A few weeks ago, I wrote about how friggin' tired I am. I was feeling kind of hostile toward my tired self. Like, "Snap out of it, woman! You have stuff to do!"
So I pushed against the tiredness, forcing myself to keep moving. One more load of laundry. One more set of weights. Another trip the the grocery store. More tidying, more stories, more songs, don't stop moving or else!
Or else what? Or else risk admitting that this pushing is not working? That I'm operating at about 60% on a good day and want-slash-need more time to myself? (That when I get time to myself, I don't know what to do with it because I truly cannot think of anything that would be "fun" or "relaxing"?)

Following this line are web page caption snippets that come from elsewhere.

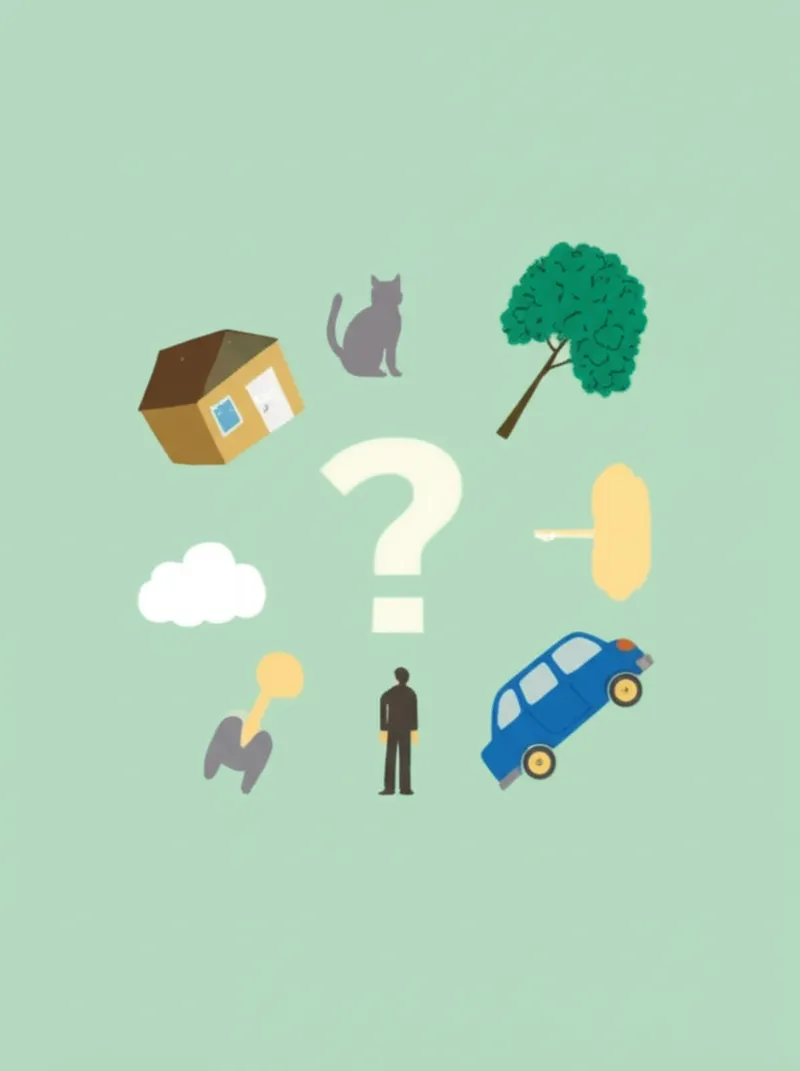 の視覚的イラスト thang: 物, 事柄 - 画像 1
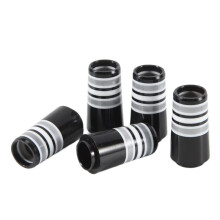 5Pcs Ferrules for 0.355 Tip Irons Shaft Sleeve Adapter Ferrule Iron Club Ferrules Replacement,Grey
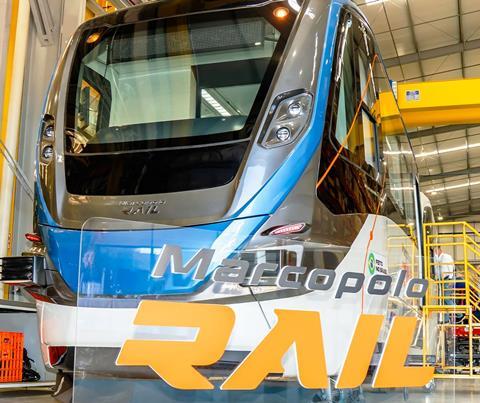 Araparica suburban rail DMUs under production (image Marcopolo Rail) (3)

Yeah, something like that.
It turns out that pushing against the tired doesn't work. You just end up hating everything and eating almost an entire batch of homemade cookies. At least, you do if you're me. (And at least those cookies were refined-sugar-free.)
So I've started taking an approach to my tiredness that seems to work pretty well with my chronic back pain. This really should have occurred to me before, as the two are almost certainly related. When my back hurts a little bit - what I called "the normal amount of pain" until Rob pointed out that it's not normal to be in pain all the time - I can move at my usual pace. And pushing a little bit can get me past the whiny, "oh poor me" stage and into building some momentum for the day.
When my back hurt-hurts - as opposed to the normal hurting - I have to rest. If I can't rest as long as I'd like, which happens if Rob is at work, I'm forced to be extremely careful. I have to take things sloooooow. Sitting, standing, dressing Westley, carrying anything...all become exercises in patience as I move half-time through my day. And I let myself off the hook a little.
It's nice not to be on that hook all the time. Which I think, ultimately, is what this pain and tiredness is trying to tell me.
The tiredness is an invitation to back off. To sit down to eat a meal. To cuddle my kid on the couch instead of obsessing over the clutter on the floor. So much of that time I spend pushing against tired is time I'm not spending with family. Because, you know, emptying the dishwasher is so friggin' urgent and my kid will stay two forever.